En efecto: nos aseguró Agustín Parigi que [San] Juan Don Bosco dijo algunos días después que otros seis jóvenes del Oratorio pasarían de esta vida a la eternidad, y que, a un compañero que temía ser del número de estos, le había dicho el [Santo]: —Está tranquilo, el Señor no te quiere aún.

Y así fue, en efecto.

Fueron, pues, nueve los que murieron entre las ochocientas personas que se encontraban en la casa.

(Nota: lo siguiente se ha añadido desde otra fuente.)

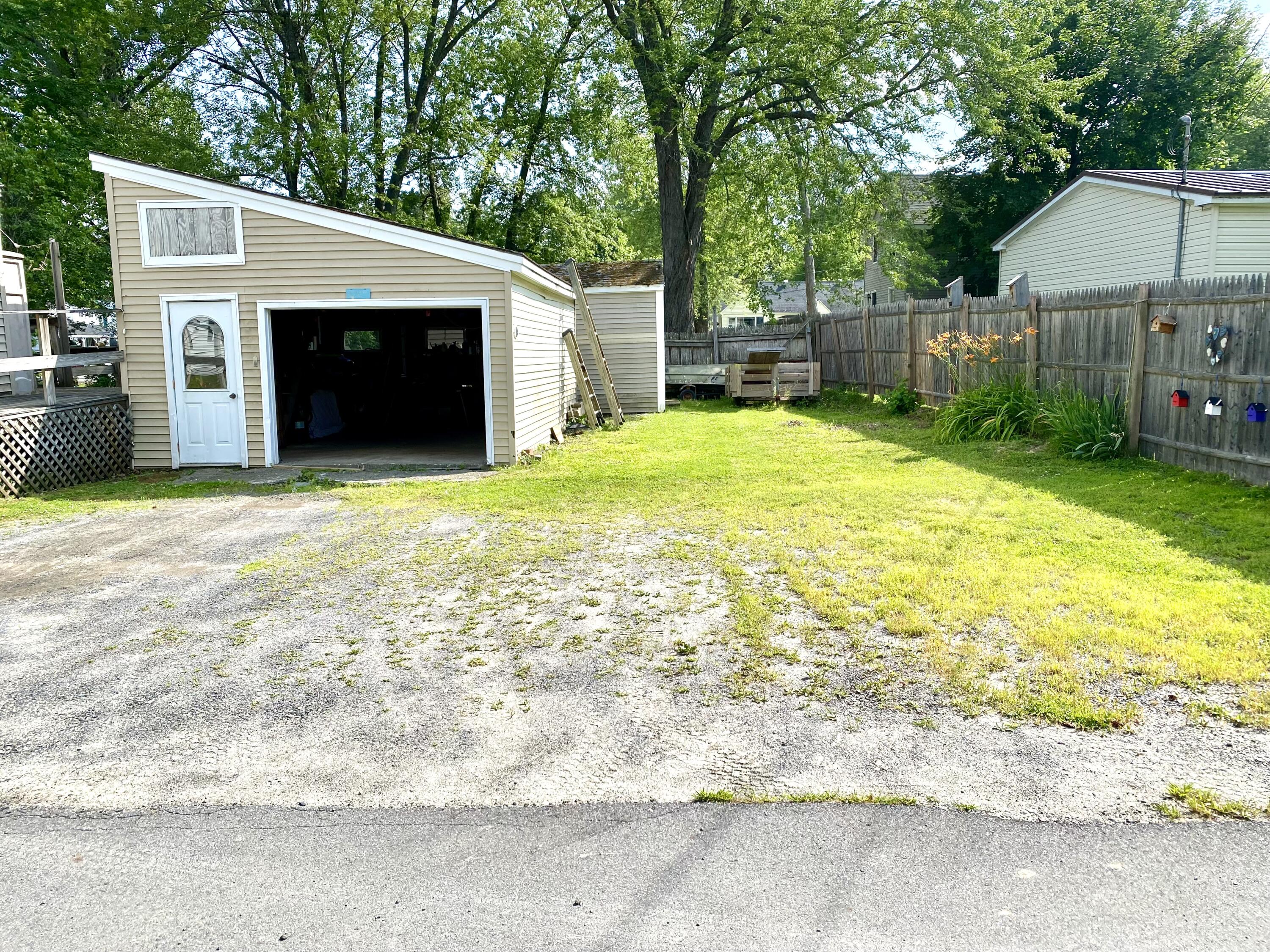 5 West Street Property Photo 35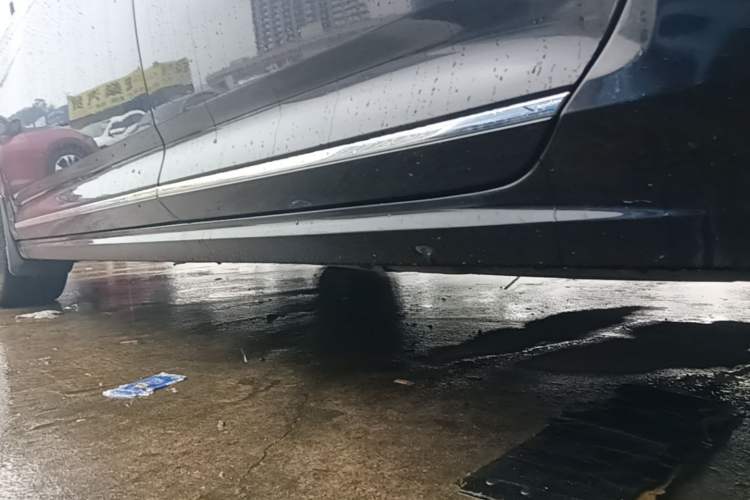 Used Volkswagen Passat 2019 330TSI Elite Edition China V Standard Left Side Sill
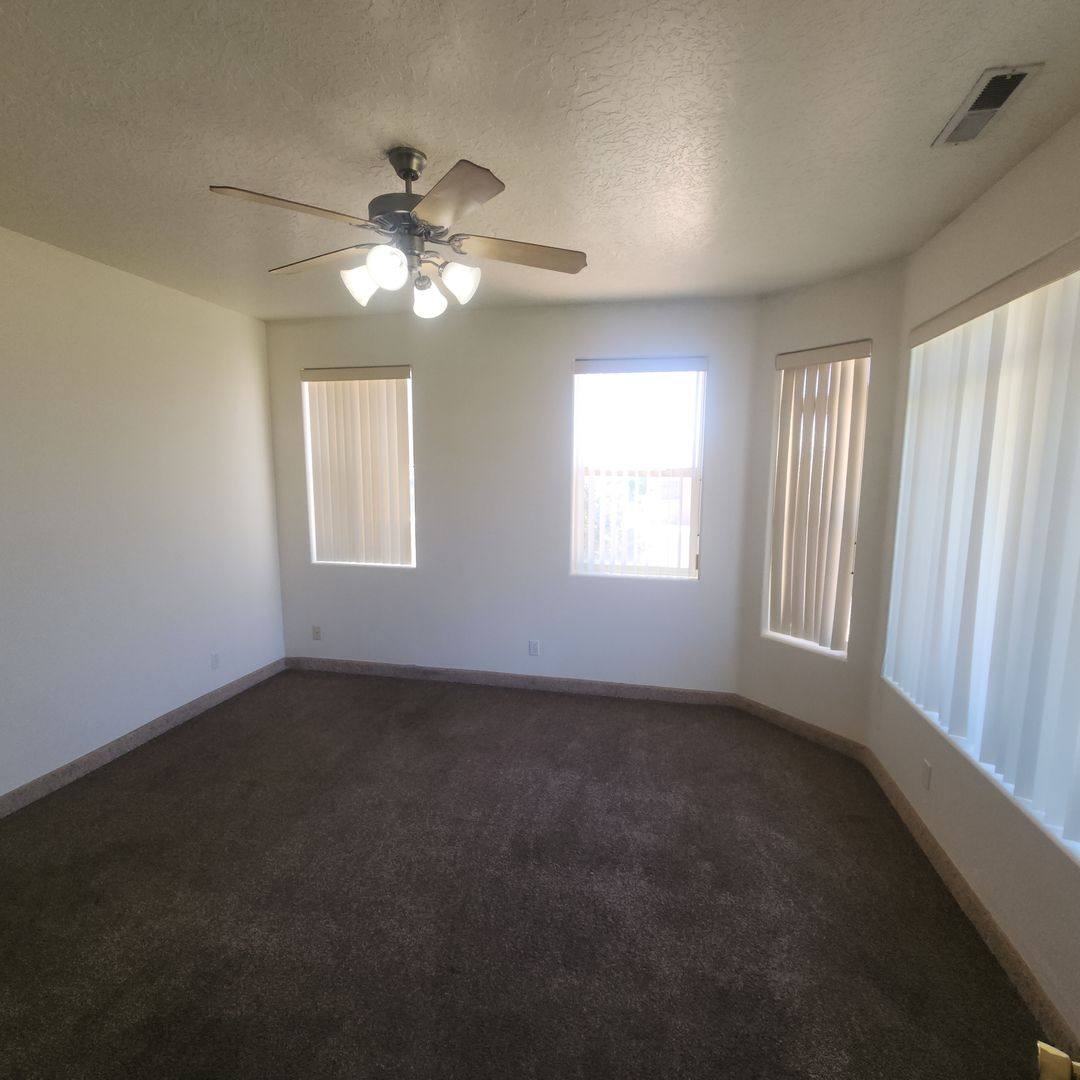 House for rent at 42 N Eastridge Dr, Saint George, UT 84790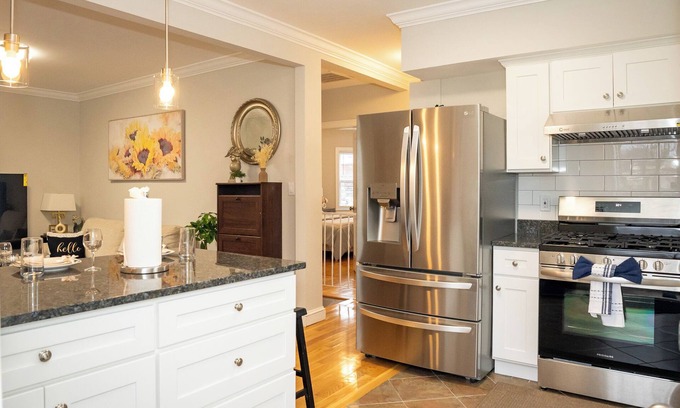 Dorchester Apartamento | 40-Newly renovated, stylish and beautiful apt/4br close to Highway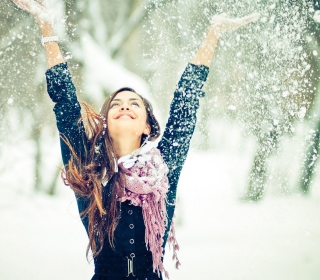 Winter, Snow And Happy Girl sfondi gratuiti per 128x128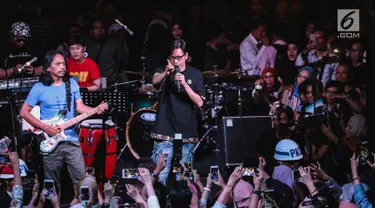 Musisi Armand Maulana dan Dewa Budjana tampil dalam acara musik amal bertajuk "Konser Kemanusiaan untuk Lombok" di kawasan Jakarta Selatan, Kamis (9/8). Sederet artis papan atas Indonesia menyumbangkan suara mereka. (Liputan6.com/Faizal Fanani)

Pero ¿por qué el sueño hacía referencia solamente a tres?

La desaparición de éstos de la escena de este mundo había de realizarse en el espacio casi de un año completo, y la de los demás, o sea ¡a de los otros seis, a intervalos, ignorándose sus circunstancias, lo que haría como de despertador, obligando a los jóvenes del Oratorio a reflexionar frecuentemente sobre el sueño y sobre la descripción hecha por [San] Juan Don Bosco respecto al estado de las conciencias.

El cumplimiento de las tres muertes indicadas en el sueño es motivo suficiente para testimoniar la veracidad y cumplimiento del anuncio de ¡os tres flagelos. [Bueno es también tener presente que, además de los centenares de internos y externos, de estudiantes y artesanos que pertenecían a la Casa, por el Oratorio pasaban miles y miles de chicos de diversas procedencias. Eso explica el número de muertos, sobre todo si se tiene también en cuenta las condiciones sociales de entonces. La mortalidad
del Oratorio no era mayor que la de las otras escuelas y colegios.]